(Beginning of Provided data)
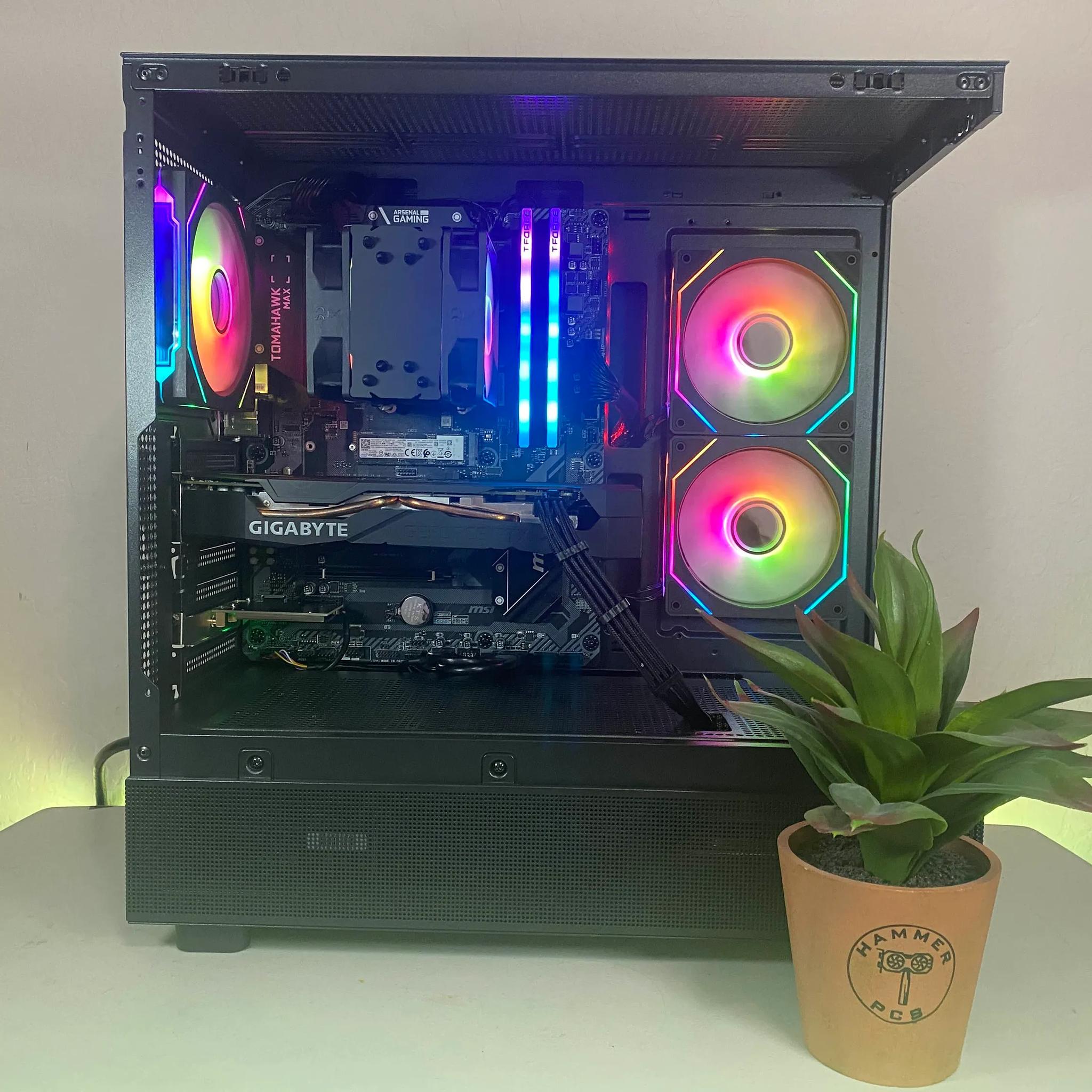 ⚙️Custom Built RGB Gaming PC⚙️| RTX 2070, Ryzen 5, 2TB Storage, Win11 | CoD, GTA, Cyberpunk, More!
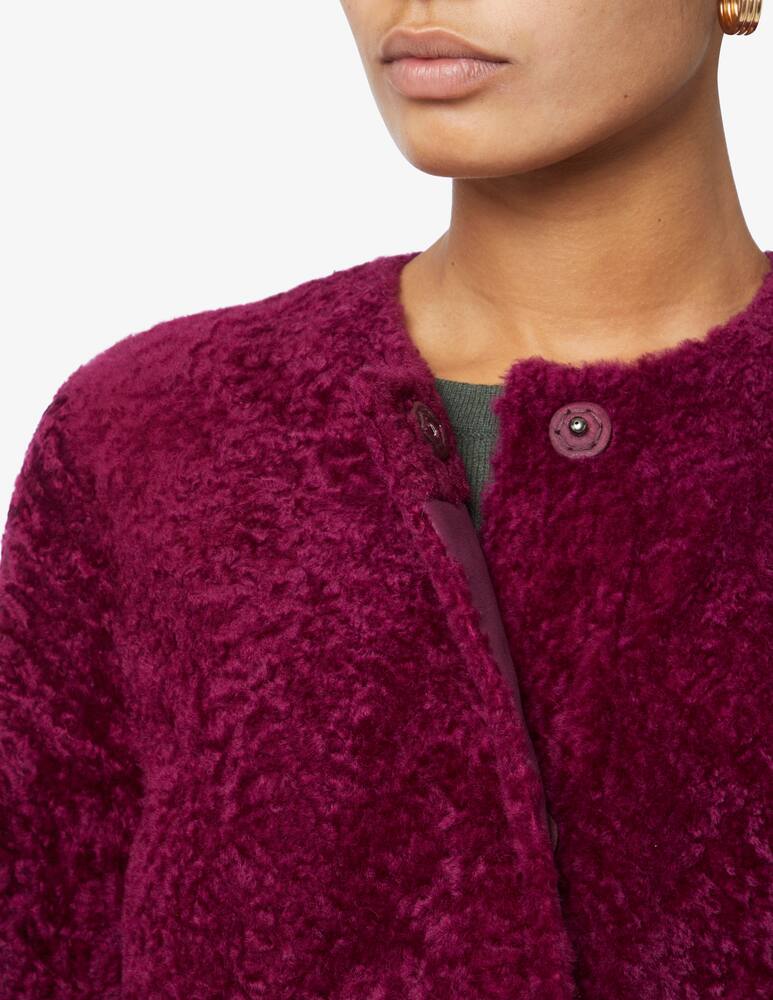 rinascente DROMe Cappotto in shearling - Rosso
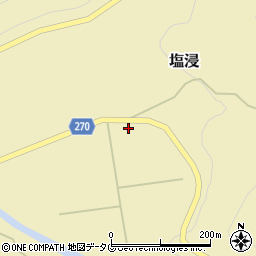 熊本県葦北郡芦北町塩浸340周辺の地図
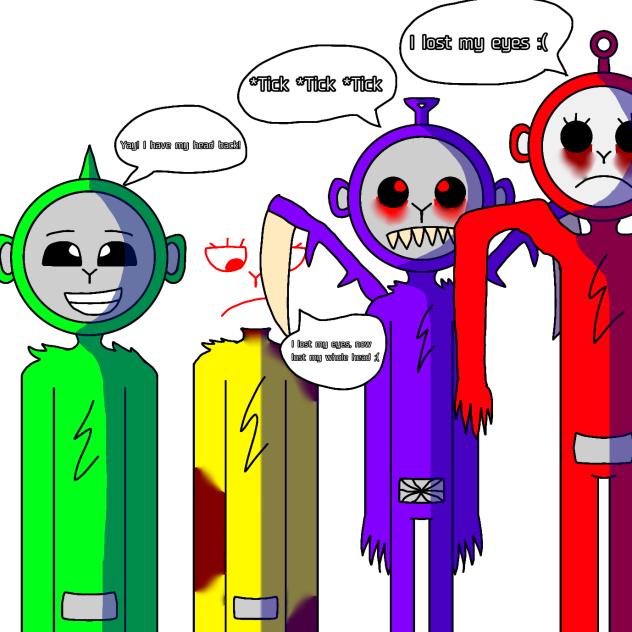 Slendytubbies but swapped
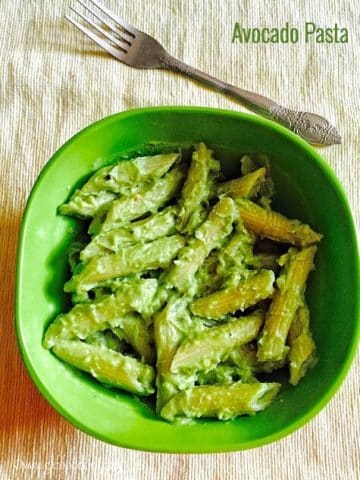 Avocado Pasta recipe for Babies, Toddlers and Kids | Pasta Recipes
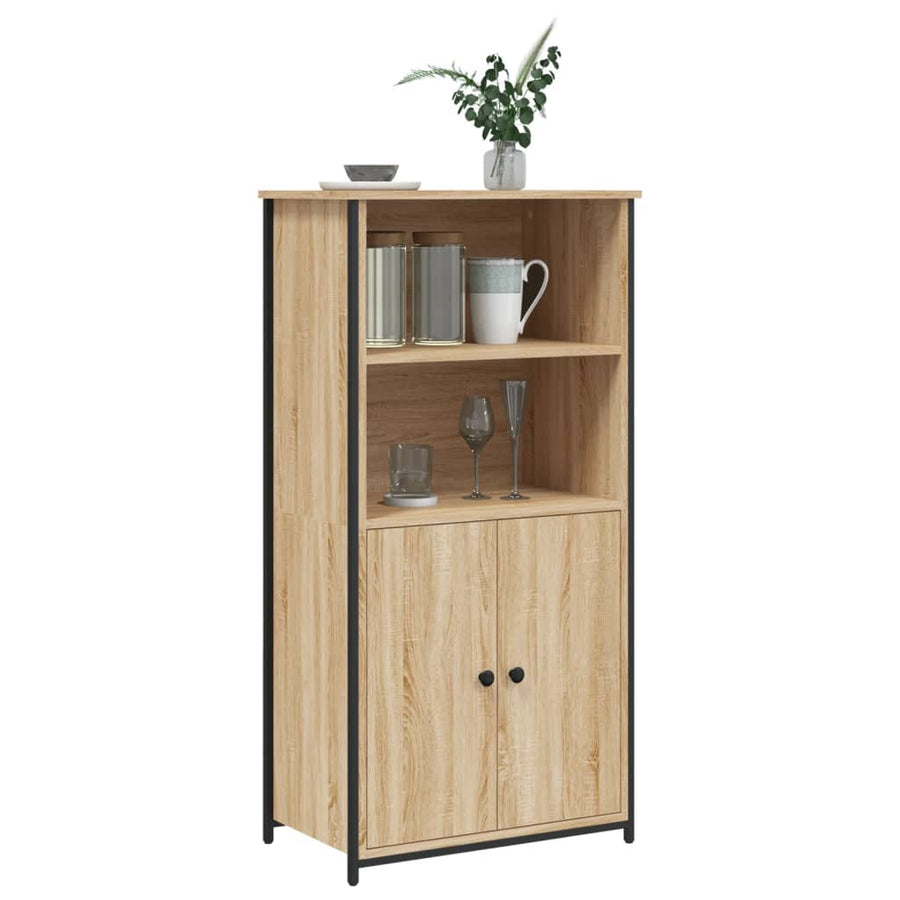 Hoge Kast 62X36X121,5 Cm Bewerkt Hout 62 x 36 x 121.5 cm Sonoma eiken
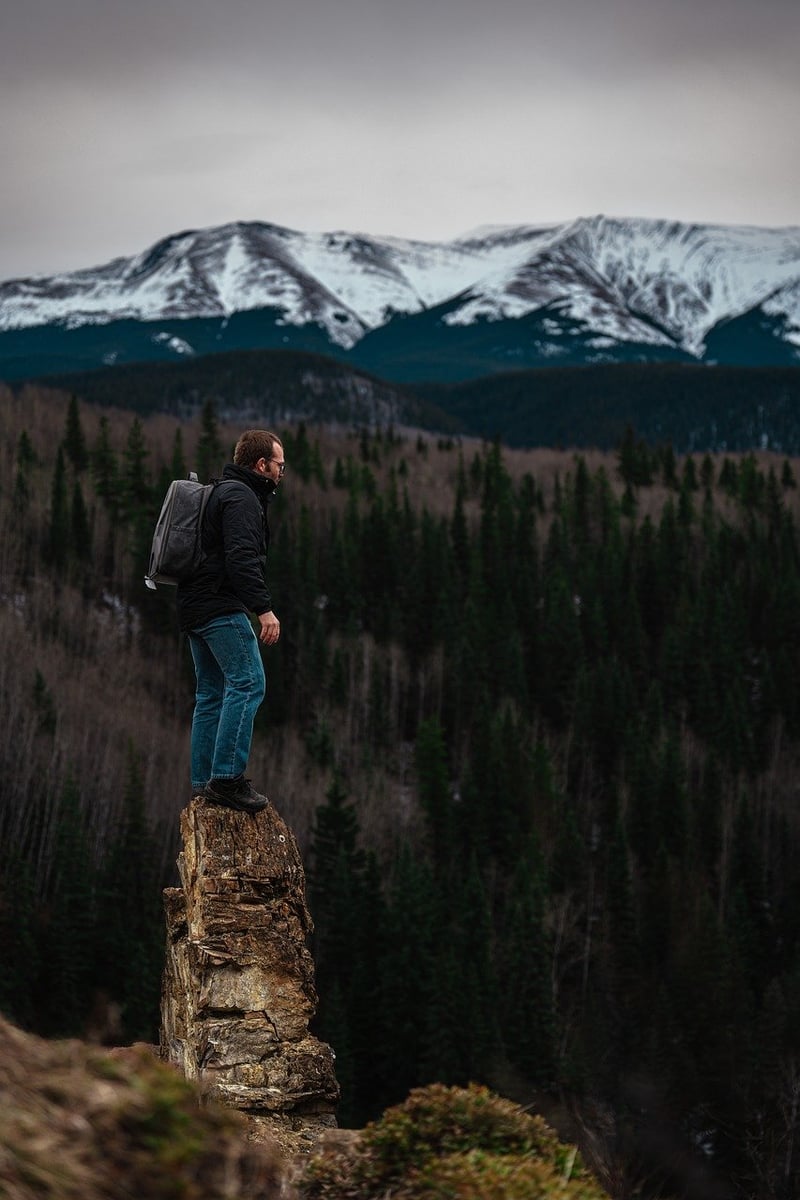 Hiker on a mountain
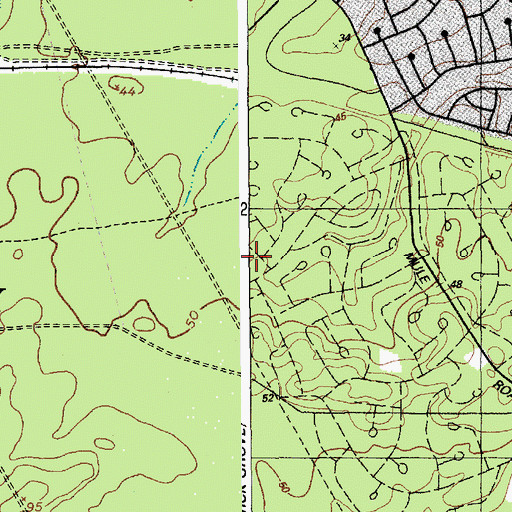 Topographic Map of Holiday Heights First Aid Squad, NJ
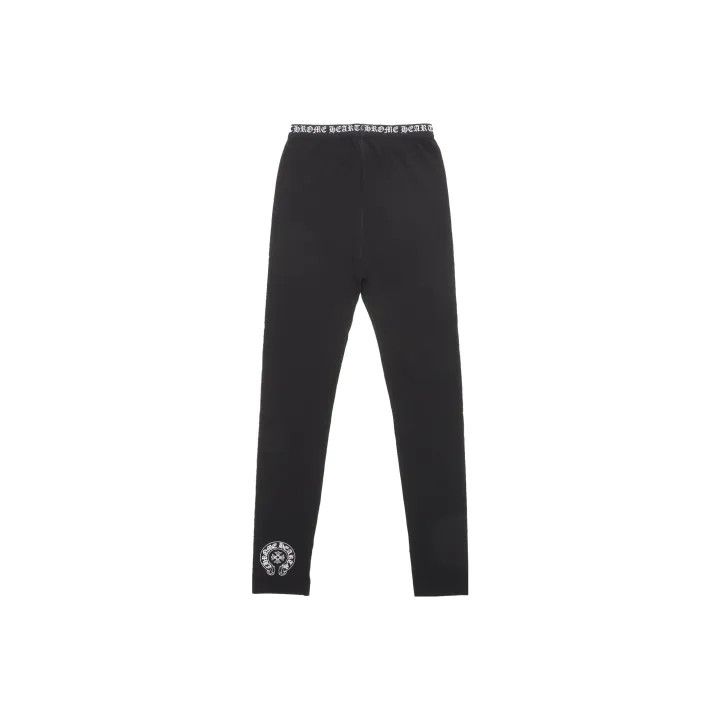 Chrome Hearts Chrome Hearts Black Elastic Waist Leggings for Women 0079 Size 22" - 1 Thumbnail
(End of Provided data)
● Exercise prompt: Every line above should be duplicated exactly; the pictures are to be left out.

● Answer to the problem:
 ⚙️Custom Built RGB Gaming PC⚙️| RTX 2070, Ryzen 5, 2TB Storage, Win11 | CoD, GTA, Cyberpunk, More!
 rinascente DROMe Cappotto in shearling - Rosso
 熊本県葦北郡芦北町塩浸340周辺の地図
 Slendytubbies but swapped
 Avocado Pasta recipe for Babies, Toddlers and Kids | Pasta Recipes
 Hoge Kast 62X36X121,5 Cm Bewerkt Hout 62 x 36 x 121.5 cm Sonoma eiken
 Hiker on a mountain
 Topographic Map of Holiday Heights First Aid Squad, NJ
 Chrome Hearts Chrome Hearts Black Elastic Waist Leggings for Women 0079 Size 22" - 1 Thumbnail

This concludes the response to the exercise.